Of course, you could try upgrading the machine to have more RAM as well. We don’t have any specific recommendations about data size -> RAM usage. Tweaking flag values to decrease the RAM usage is what you can do.

You could try to reduce the --num_go_routines. That would cause less memory usage at the expense of decreased performance.

1 Like

Thanks,
The data is generated by myself and a little bit huge so I will try to solve myself first, I think reducing go routine number may be a good advice , since I found my another laptop with only 16G RAM, 8 core CPU, 256 SSD didn’t OOM with the same data and the Swap is idle.

Problem solved, I guess (just guess, I have no idea how to verify) the problem is mainly related to the strategy of OS memory management, then the second factor is number of go routines.

My personal server(64G, 32 core, 480G+1T SSD) previous installed with centOS 7, and I found once the memory required larger than physical memory than it started consuming swap, when swap used up, bulk crashed with OOM.
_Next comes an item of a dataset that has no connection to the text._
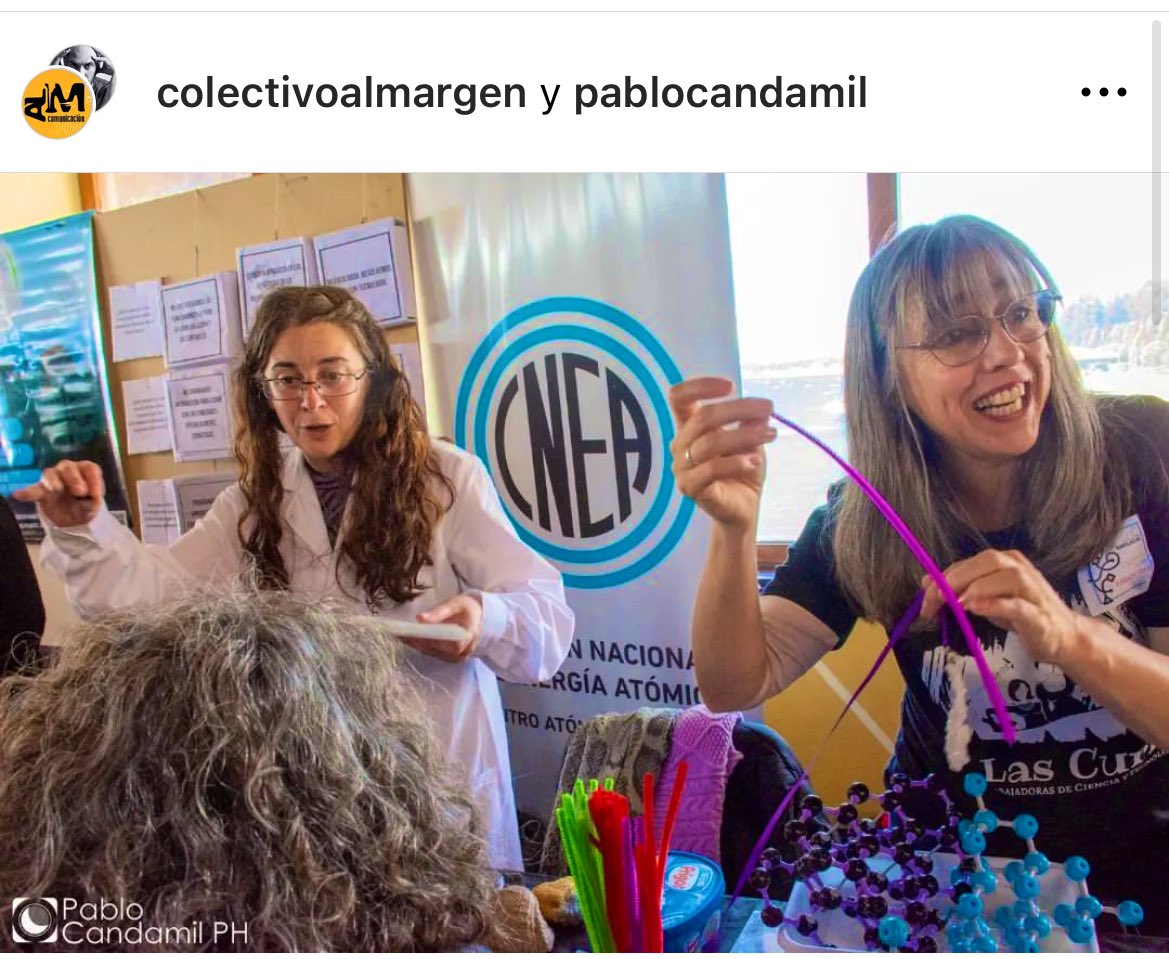 ¡Esto es lo que hace grande a un científico! La presidenta de la CNEA en su stand de #ElijoCrecer #Bariloche experimentando con las niñas y niños sus “cristales cristalinos”.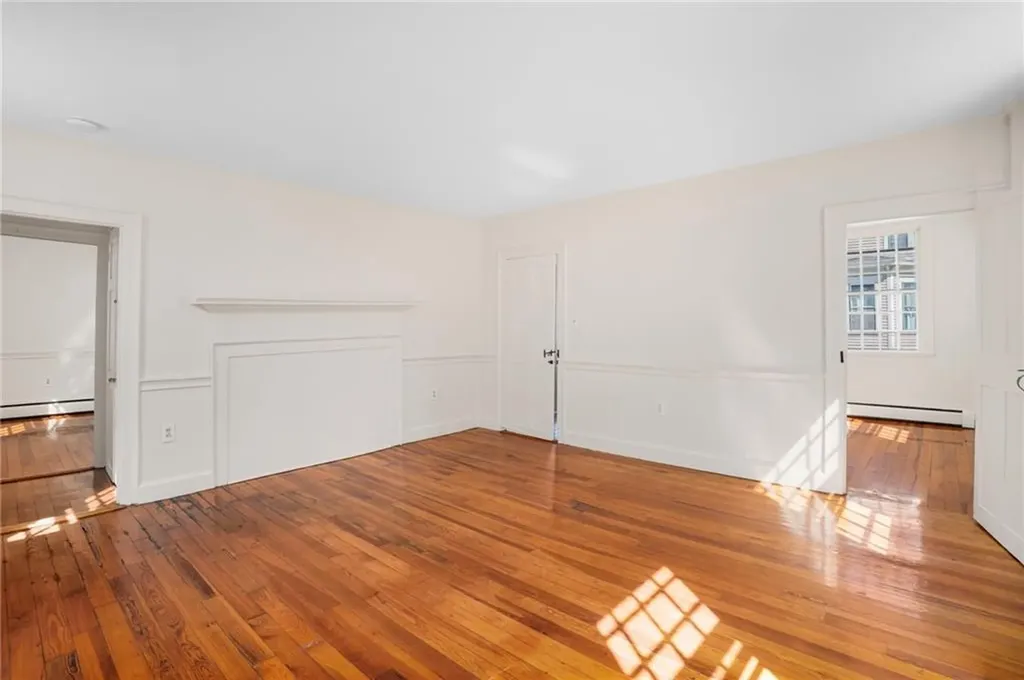 14 Elm Street Newport RI 02840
However, when my laptop (Ubuntu 17.10) with lower memory (16G, 8 core CPU, 250G SSD) didn’t OOM and worked much faster with the same data. I suspect it may be the OS issue, so I reinstall my server with Ubuntu 17.10, then I found though it still crashed with OOM, it didn’t consume swap when the memory required become larger than 64G.

Then I followed Manish’s advice to reduce go routine number from 32(default) to 16, and it worked pretty well and stable.

MAP 01h16m06s rdf_count:963.1M rdf_speed:210.9k/sec edge_count:2.786G edge_speed:610.1k/sec

As you see, only around 1 hour, it finished near 1 billion RDF and the speed is around 600k, compared my last test in centOS, it cost more than 20 hours to 1 billion and the speed declined to 30k.

P.S.:
Anyway, it is just a guess, I am not sure it is the centOS problem, I just record what I observed, anyone with similar could have a try

Awesome, I’m glad you got the data successfully loaded :smiley:

A bit of an explanation about what is most likely happening:

  1. The bulk loader requires memory proportional to the number of goroutines (-j flag).
  2. By reducing -j, you keep all memory in RAM, rather than having to go out to swap.
  3. Because RAM is very fast compared to swap, the total time is less (1 hr vs >20 hrs), even though there are less workers running.
1 Like

@peter : Let’s mention these two flags in the Deploy page where we talk about bulk loader, and explain how they could be used to decrease memory usage.

1 Like

Excellent idea, I’ve now added some notes there.

2 Likes